Helene Rother had eluded the Nazis during World War II and spent an interval as a refugee in Morocco before coming to America — a harrowing ordeal. On Nov. 15, 1948, she faced another test of courage as she stood before the Society of Automotive Engineers — a roomful of men — to say, “And even today, after six years (as a designer), the automotive industry is still unique in its lack of employing women in creative positions.”

Born in Germany in 1908, Rother designed jewelry in Paris at her own Contempora Studio before the war. After arriving in New York City, she worked as an illustrator at Marvel Comics until her hiring, in 1942, by General Motors. She and her daughter, Ina, came to Detroit and took an apartment at 999 Whitmore Rd. in Palmer Park. Even without experience — she was likely the first woman to work in automotive design — she received the extravagant salary of $600 per month and enjoyed great leeway in her practice.

After four years of designing seating, lighting, and door hardware for GM, she opened her own studio, first on the 16th floor of the Fisher Building, later in a house along West Chicago Boulevard in the Boston-Edison Historic District.

In her SAE speech, Rother asked, “Do the interiors we make satisfy the American public?” She urged the use of better-matched fabrics and recommended hiring more women designers to choose them. One brand’s interior was indistinguishable from the next, she said, as if  “the styling stopped behind the instrument panel.”
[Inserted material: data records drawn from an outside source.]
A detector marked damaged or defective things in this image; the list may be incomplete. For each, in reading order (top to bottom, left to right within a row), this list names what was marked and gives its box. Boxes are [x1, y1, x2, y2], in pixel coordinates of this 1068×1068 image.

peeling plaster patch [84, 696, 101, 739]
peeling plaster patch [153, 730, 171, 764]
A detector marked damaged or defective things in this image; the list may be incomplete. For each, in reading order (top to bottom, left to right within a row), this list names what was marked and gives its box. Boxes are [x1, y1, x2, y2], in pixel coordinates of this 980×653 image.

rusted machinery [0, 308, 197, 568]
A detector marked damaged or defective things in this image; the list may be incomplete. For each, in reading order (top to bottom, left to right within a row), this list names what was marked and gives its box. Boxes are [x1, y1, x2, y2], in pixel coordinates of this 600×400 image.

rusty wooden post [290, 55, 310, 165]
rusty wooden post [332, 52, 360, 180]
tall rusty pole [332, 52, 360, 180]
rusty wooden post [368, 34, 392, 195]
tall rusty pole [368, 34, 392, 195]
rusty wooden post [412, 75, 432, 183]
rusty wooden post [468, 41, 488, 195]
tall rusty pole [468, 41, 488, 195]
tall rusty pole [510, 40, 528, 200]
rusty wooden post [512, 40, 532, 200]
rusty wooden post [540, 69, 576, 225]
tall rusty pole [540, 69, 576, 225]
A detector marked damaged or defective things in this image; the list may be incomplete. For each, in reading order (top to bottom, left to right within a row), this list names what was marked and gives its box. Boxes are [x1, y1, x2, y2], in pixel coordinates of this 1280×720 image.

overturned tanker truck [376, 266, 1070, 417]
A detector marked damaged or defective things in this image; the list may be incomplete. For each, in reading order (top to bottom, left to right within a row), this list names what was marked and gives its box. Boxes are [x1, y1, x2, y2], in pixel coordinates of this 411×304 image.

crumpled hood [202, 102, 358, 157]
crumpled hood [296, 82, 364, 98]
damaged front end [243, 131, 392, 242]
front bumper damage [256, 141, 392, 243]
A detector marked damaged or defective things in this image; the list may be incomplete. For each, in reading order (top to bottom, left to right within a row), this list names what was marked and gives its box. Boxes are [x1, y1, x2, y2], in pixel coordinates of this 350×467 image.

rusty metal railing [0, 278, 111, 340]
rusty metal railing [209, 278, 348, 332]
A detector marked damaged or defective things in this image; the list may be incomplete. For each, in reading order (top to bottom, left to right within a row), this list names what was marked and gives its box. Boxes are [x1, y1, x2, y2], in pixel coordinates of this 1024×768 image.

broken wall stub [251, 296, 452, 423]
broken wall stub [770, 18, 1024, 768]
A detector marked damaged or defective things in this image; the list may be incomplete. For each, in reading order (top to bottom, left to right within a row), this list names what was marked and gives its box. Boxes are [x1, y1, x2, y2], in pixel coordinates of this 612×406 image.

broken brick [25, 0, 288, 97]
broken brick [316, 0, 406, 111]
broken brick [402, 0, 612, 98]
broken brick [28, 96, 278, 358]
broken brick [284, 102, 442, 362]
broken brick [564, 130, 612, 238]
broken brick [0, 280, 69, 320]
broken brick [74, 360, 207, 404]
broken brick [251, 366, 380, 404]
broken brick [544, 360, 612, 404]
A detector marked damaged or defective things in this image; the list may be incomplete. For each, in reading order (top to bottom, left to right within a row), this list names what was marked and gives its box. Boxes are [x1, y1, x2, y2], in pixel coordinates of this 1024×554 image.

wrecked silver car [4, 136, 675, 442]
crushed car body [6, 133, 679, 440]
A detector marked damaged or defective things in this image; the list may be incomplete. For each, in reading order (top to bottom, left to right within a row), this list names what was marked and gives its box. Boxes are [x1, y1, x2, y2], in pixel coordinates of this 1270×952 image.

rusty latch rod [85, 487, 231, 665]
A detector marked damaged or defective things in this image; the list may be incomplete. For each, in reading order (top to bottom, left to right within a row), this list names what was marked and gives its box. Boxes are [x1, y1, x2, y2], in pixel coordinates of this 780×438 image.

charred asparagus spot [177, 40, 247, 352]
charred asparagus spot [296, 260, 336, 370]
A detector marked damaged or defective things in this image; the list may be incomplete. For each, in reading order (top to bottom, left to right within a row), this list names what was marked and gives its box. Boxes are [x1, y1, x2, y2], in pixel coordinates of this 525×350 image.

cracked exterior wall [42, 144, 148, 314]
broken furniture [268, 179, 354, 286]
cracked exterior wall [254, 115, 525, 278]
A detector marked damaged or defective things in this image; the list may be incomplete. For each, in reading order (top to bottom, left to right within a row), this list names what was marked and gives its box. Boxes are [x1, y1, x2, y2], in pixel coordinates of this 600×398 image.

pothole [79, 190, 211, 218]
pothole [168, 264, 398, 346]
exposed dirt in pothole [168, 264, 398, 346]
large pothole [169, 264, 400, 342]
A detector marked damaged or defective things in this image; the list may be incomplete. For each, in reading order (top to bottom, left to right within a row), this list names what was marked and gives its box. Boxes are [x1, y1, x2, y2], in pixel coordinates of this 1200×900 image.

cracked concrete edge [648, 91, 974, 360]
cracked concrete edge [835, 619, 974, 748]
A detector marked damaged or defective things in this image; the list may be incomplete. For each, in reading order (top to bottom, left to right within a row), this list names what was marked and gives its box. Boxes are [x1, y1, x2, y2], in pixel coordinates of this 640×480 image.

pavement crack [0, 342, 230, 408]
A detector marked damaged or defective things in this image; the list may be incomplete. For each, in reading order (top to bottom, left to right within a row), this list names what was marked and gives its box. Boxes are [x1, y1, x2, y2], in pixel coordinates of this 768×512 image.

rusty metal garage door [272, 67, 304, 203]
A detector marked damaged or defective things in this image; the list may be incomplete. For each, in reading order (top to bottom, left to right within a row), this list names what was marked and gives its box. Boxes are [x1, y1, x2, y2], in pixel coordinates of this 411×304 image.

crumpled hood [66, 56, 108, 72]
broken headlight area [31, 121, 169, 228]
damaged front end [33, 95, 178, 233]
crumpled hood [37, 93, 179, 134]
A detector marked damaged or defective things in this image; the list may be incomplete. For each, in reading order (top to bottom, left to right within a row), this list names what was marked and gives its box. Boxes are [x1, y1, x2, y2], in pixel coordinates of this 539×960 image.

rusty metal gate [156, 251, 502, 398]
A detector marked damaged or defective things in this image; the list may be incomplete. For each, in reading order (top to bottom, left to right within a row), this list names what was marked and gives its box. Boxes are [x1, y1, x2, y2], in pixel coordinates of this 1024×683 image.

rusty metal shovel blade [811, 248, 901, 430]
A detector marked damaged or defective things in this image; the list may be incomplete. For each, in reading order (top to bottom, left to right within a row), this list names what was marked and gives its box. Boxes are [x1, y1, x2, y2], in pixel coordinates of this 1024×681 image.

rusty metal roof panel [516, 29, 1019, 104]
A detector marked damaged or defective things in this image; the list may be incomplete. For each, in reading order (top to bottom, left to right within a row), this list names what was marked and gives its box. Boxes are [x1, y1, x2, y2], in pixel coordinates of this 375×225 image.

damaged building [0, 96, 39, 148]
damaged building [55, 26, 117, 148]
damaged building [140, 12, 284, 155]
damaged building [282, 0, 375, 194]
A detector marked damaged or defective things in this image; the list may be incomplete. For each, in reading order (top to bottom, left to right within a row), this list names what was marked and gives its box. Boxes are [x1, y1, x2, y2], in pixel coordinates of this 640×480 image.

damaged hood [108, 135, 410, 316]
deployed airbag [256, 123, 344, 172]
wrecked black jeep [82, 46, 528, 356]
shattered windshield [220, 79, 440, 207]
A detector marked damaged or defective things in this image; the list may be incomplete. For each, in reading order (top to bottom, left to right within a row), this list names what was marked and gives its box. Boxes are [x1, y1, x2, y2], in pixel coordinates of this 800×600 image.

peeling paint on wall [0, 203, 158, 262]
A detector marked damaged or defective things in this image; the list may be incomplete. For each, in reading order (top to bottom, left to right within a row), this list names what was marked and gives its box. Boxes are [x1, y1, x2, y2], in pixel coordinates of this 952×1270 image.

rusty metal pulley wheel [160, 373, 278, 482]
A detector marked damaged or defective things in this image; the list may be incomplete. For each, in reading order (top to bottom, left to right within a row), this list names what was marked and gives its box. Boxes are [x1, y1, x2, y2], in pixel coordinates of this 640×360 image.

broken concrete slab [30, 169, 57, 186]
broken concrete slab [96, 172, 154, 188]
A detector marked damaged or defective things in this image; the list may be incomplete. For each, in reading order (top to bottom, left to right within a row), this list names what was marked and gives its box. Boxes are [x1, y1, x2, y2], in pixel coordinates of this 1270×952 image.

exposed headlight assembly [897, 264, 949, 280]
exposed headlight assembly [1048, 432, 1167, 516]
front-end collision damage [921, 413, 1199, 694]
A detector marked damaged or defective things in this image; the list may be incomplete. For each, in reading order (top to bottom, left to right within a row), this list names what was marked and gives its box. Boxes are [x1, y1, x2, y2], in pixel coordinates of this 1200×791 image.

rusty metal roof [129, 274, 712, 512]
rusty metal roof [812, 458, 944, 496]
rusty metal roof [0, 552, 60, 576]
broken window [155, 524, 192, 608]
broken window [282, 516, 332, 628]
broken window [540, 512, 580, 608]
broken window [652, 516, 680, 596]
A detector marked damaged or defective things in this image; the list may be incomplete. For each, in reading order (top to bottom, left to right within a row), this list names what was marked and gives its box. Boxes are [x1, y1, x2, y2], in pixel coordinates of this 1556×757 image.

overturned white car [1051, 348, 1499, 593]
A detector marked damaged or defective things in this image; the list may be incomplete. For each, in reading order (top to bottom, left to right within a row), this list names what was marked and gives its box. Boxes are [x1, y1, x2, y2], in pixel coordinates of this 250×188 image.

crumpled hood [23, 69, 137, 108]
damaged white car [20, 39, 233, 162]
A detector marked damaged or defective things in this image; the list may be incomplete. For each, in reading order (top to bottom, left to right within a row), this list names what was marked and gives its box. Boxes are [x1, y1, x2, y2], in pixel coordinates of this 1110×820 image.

Her new studio won the account of Nash- Kelvinator Corp., led by George Mason and George Romney. As an independent automaker, Nash was eager to experiment. “Once known for being somewhat stodgy in its styling approach, Nash was soon featuring some of the most stylish interior colors and trim in the business,” Hemmings Classic Car reports. “The instrument board of a car shows more than anything else how well-styled the car is,” Rother contended. The compact Nash Rambler she worked on was an industry breakthrough.

After Nash and Hudson combined in 1954 to form American Motors, Rother devoted herself to other clients such as Elgin American, which crafted cigarette lighters, ladies’ compacts, and various accessories. “There is another fact which should not be overlooked,” she had told the SAE. “High-pressure advertising has made women very gadget-conscious.”

In addition, she created Skylark sterling-silver flatware, a pattern that Samuel Kirk and Son, of Baltimore, kept in production more than three decades. Meanwhile, Rother continued to score in the auto field through her work for Miller-Meteor, the Ohio coachbuilder that produced hearses and ambulances on Cadillac commercial chassis.

Yet, what automotive designer doesn’t yearn to do stained glass windows? Demonstrating impressive command of the medium, Rother conjured up spectacularly sophisticated windows for United Methodist Church in Farmington Hills and Trinity United Methodist Church in Lapeer, and created an intricate series for St. Lazarus Serbian Orthodox Cathedral in Detroit.

Besides her city home, she also raised horses on a farm near Metamora. The attic of her house there was filled with models of her stained glass. She donated this treasure to the Michigan Stained Glass Census before her death in 1999.

One of her utterances in particular is notable: “Lightness is the aristocracy of mechanical technique. Lightness, effortlessness, and simplicity must be the basic consideration of our automotive designs.” Earlier this year Rother was inducted into the Automotive Hall of Fame, a fitting tribute to one of the most accomplished designers ever to practice in Detroit.